For Latin American Sour Kraut the recipe is as follows:
1 head cabbage, shredded
1 cup carrots, shredded
1 large onion, quartered and thinly sliced
1 Tbsp Kosher salt
1 Tbsp dried oregano
4 Tbsp whey
1/2 tsp red pepper flakes

Ingredients for Latin American Sour Kraut.
Ingredients for Latin American Sour Kraut.

I mixed the ingredients together in a very large bowl (I used a 6 quart bowl) and pounded it with a stone pestal (you can also use a kitchen mallet) till the juices started flowing, about 8-10 minutes. This reduced the cabbage mixture from 6 quarts to 4 quarts.

Pounding away at the kraut mixture.
Pounding away at the kraut mixture.

After my arms were tired, I spooned the kraut into jars. Then push the solids down far enough to let the juice rise above the top. Make sure to leave an inch of empty space at the top. Don’t forget this step!

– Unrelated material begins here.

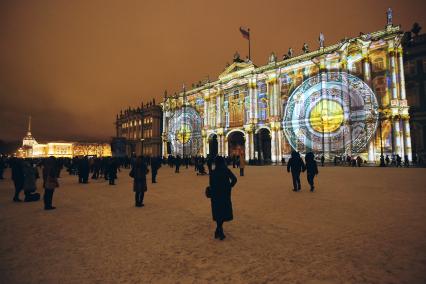 Санкт-Петербург. Мультимедийное 3D-mapping представление `Мистерия света` на фасаде Зимнего дворца на Дворцовой площади в честь Дня Эрмитажа.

Press the kraut underneath the juice.
Press the kraut underneath the juice.

Leave the jars sitting on your counter at room temperature for three days. After this you can put the jars in the refrigerator. It lasts months in cold storage. Don’t worry about the green juice, it clears up as it ferments.
jars
So, from a half-gallon of cream, three heads of cabbage and a few more minor ingredients, you can enjoy around 16 Tbsps of fresh butter, around 2/3 cup of fresh cheese, and nine quarts of sauerkraut! I still have one quart of whey left. I think I’ll get some more cabbage or something else to ferment for the winter.

UPDATE (5/10/15):

I made a LOT of fermented veggies since that first experiment making  sauerkraut. I have come to prefer to fermented veggies without the whey. Whey is a great booster for folks fermenting veggies in the far north, like Maine or Scandinavia, but for where I live in the American South, it is unnecessary. The whey speeds up the time it takes to get fermentation started, but here in South Carolina I usually start seeing bubbles form after 12-24 hours (depending on the temperature and the particular vegetables being fermented). Another reason I’ve stopped using whey is that it imparts a flavor that I am not very fond of. In addition, I find that the time I listed, 3 days, isn’t really long enough for the veggies to ferment for my taste. I now leave things fermenting from one week to two months. You can start tasting your ferment after three days, if you’d like and keep trying it every day or two until the flavor is where you want it, then put it in the fridge to slow it down. So get to a farmers market (or better yet, your garden), grab some fresh veggies, and ferment them!